> _Required work_:
Reproduce, from the lines below, exactly the stretch that begins at the line containing "Paris, France, Young" and ends at the line containing "the sun shines", both included.
*** Begin section ***
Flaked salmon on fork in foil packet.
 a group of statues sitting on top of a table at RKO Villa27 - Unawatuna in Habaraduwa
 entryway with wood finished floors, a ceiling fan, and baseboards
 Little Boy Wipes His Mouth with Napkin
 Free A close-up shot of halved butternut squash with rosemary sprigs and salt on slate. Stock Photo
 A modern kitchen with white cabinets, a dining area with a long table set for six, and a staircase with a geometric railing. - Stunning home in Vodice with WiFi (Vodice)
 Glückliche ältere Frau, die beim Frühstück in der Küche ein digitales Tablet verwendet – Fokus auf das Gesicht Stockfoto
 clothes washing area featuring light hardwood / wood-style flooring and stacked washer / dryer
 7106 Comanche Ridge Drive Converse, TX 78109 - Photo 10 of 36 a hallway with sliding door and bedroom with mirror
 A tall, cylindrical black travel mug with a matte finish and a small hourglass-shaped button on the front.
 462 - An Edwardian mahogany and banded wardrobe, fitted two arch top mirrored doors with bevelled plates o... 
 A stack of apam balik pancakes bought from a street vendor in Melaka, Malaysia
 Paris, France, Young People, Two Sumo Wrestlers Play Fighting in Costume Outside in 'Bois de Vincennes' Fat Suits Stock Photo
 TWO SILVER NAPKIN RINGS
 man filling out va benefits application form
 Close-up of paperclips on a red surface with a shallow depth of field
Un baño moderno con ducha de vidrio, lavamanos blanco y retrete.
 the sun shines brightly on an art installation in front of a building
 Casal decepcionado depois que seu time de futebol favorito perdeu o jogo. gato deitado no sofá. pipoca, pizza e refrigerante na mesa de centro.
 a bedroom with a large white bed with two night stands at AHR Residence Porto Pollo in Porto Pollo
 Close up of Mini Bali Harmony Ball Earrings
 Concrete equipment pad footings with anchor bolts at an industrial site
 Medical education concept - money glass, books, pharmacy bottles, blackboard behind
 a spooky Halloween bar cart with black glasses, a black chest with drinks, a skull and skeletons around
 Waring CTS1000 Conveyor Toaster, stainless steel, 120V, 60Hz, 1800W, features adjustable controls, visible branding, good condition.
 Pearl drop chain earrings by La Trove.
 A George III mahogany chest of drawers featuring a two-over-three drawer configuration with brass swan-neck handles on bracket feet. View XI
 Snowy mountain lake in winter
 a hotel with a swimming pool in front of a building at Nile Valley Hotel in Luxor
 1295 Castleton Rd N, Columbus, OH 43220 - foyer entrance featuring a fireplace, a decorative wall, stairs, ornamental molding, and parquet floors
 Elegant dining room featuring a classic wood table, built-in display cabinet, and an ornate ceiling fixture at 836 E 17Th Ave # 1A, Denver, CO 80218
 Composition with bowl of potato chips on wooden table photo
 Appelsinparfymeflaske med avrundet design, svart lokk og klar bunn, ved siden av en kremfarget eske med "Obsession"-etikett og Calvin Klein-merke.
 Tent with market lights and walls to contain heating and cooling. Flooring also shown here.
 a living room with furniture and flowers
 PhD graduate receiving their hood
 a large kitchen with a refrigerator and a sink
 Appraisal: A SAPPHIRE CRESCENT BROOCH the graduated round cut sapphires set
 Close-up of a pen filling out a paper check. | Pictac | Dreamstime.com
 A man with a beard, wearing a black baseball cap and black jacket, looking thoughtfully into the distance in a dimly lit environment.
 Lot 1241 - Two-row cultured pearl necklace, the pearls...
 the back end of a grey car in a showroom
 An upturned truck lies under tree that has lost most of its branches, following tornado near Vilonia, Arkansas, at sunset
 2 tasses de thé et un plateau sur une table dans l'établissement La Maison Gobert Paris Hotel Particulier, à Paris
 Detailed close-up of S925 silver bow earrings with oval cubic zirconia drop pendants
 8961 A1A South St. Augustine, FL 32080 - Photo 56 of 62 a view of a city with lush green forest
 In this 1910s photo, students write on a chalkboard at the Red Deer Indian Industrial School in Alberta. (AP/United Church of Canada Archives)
*** End section ***
> _Response to this task_:
 Paris, France, Young People, Two Sumo Wrestlers Play Fighting in Costume Outside in 'Bois de Vincennes' Fat Suits Stock Photo
 TWO SILVER NAPKIN RINGS
 man filling out va benefits application form
 Close-up of paperclips on a red surface with a shallow depth of field
Un baño moderno con ducha de vidrio, lavamanos blanco y retrete.
 the sun shines brightly on an art installation in front of a building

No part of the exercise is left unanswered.